Recently, Sexyy Red shared an Instagram video of her natural hair, using the moment to shade Black women with coarser hair.
She captioned her video with, “You carpet hair beanie neck haux could never.”
Now, without the caption, the video was meek in nature. The rapper was simply showing that beneath her signature red wigs, she has maintained the health of her natural hair. But where she lost the plot was in her colorful commentary that left Black women, her presumed core audience, catching strays when she said that us “carpet hair, beanie neck hauxs” could never.
The implication was that we, as Black women, cannot grow the same type of hair that grows out of her head.
This issue is a lot bigger than Sexyy Red, who is just perpetuating a long-held system of beliefs that prioritize proximity to whiteness by way of longer hair.

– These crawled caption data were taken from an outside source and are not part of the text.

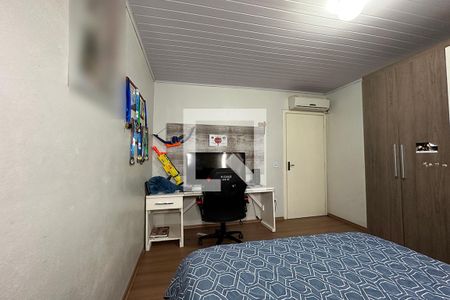 Quarto 1  de casa à venda com 3 quartos, 200m² em Campina, São Leopoldo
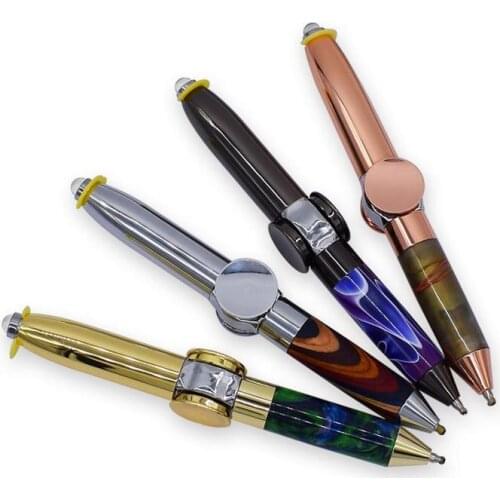 Mini whirly ball pen kits RZ-BP426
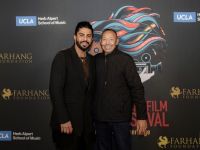 113 On The Red Carpet   2024 FFF Awards 113 On The Red Carpet   2024 FFF Awards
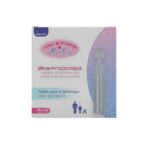 Prince & Princesse Serum Physiologique 10 x 5Ml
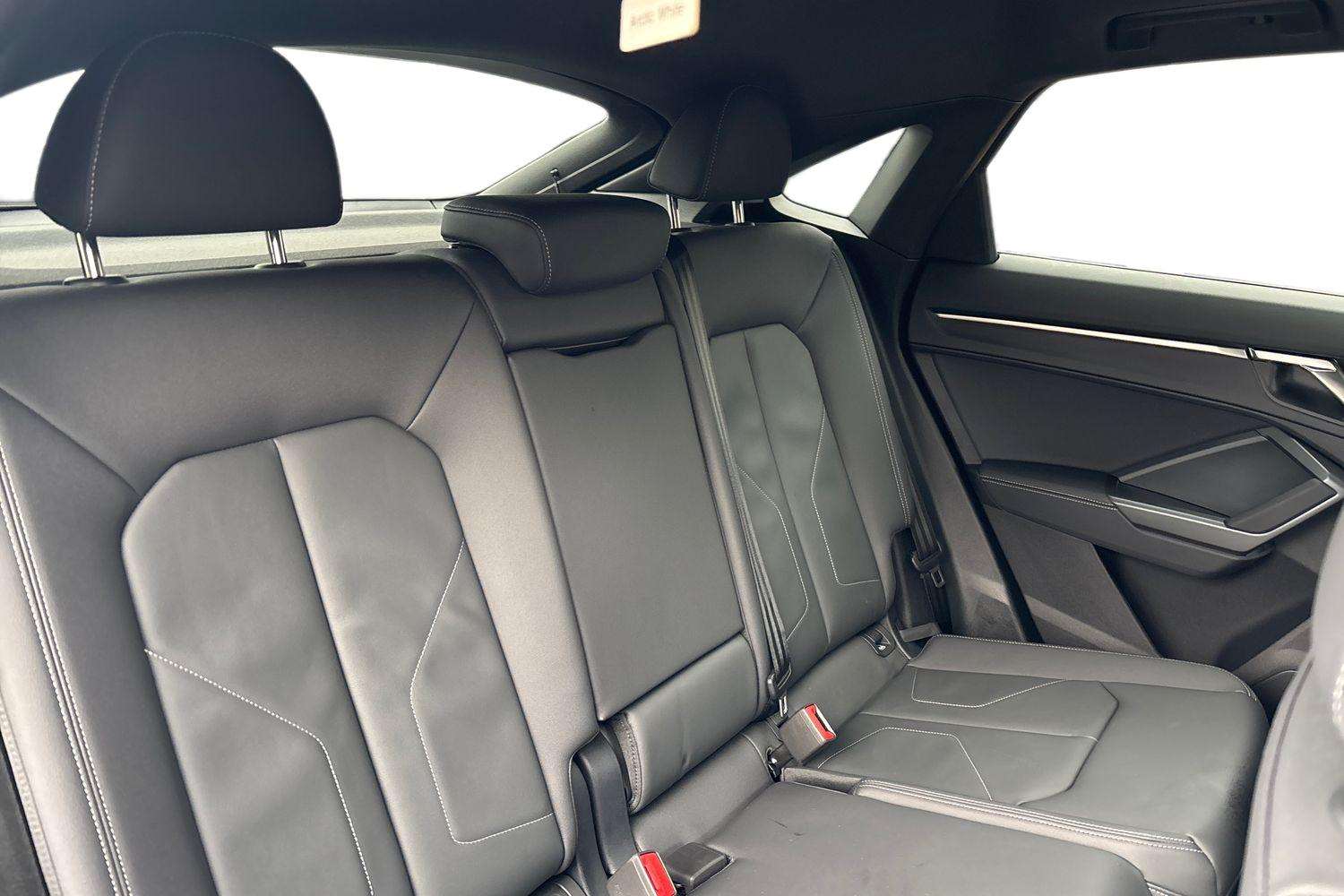 Used Audi Q3 2025 for sale - 76889877: Photo 22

But it strikes as particularly odd that Sexyy Red, someone who has benefited — or depending on who you ask exploited some aspects of the Black experience for her career — is now taking shots at the very women who have lauded her into her current stardom.
Some may argue that the post was nothing more than a harmless joke that wasn’t meant to be looked at too deeply. While it may be true that the post was not written with ill intent, when you joke about something as contentious as the relationship between Black women and their hair when you already have questionable political views that lend you toward a more conservative bias, people are reasonably displeased with the comments.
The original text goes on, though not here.